SOURCE DATA
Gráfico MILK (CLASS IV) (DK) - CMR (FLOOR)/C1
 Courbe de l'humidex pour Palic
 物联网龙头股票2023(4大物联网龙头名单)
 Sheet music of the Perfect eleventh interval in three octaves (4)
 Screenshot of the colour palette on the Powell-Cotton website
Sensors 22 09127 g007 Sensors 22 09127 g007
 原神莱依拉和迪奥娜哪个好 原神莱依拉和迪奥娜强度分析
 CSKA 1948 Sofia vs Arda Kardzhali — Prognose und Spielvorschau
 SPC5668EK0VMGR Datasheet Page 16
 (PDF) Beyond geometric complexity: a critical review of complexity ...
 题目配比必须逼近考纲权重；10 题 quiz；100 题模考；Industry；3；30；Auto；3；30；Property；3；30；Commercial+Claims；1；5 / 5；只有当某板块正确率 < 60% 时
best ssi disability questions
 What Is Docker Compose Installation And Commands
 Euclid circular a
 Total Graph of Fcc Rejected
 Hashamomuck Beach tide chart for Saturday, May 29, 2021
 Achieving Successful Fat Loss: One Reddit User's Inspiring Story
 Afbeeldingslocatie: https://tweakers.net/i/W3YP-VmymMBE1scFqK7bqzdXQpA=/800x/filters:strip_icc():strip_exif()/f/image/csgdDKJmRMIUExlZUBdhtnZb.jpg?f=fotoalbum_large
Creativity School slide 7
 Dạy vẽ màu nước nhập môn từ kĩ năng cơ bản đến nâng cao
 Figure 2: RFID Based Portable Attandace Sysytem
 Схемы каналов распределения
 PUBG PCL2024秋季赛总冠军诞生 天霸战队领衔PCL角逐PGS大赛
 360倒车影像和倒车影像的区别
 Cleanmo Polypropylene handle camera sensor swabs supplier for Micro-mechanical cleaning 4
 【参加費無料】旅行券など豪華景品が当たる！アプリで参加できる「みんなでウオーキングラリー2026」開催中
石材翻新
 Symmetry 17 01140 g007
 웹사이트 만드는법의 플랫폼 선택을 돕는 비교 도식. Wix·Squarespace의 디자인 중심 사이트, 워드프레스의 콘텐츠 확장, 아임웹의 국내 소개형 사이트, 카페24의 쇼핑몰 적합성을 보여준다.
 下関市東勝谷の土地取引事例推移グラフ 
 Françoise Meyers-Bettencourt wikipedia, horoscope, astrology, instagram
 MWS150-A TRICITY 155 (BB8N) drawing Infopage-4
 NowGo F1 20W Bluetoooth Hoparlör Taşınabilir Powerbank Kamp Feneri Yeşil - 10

PROBLEM
Copy only this part of the entries above: the line with "Figure 2: RFID", the line with "Symmetry 17 01140 g007", and the lines between, all exactly as written.

TASK RESPONSE
 Figure 2: RFID Based Portable Attandace Sysytem
 Схемы каналов распределения
 PUBG PCL2024秋季赛总冠军诞生 天霸战队领衔PCL角逐PGS大赛
 360倒车影像和倒车影像的区别
 Cleanmo Polypropylene handle camera sensor swabs supplier for Micro-mechanical cleaning 4
 【参加費無料】旅行券など豪華景品が当たる！アプリで参加できる「みんなでウオーキングラリー2026」開催中
石材翻新
 Symmetry 17 01140 g007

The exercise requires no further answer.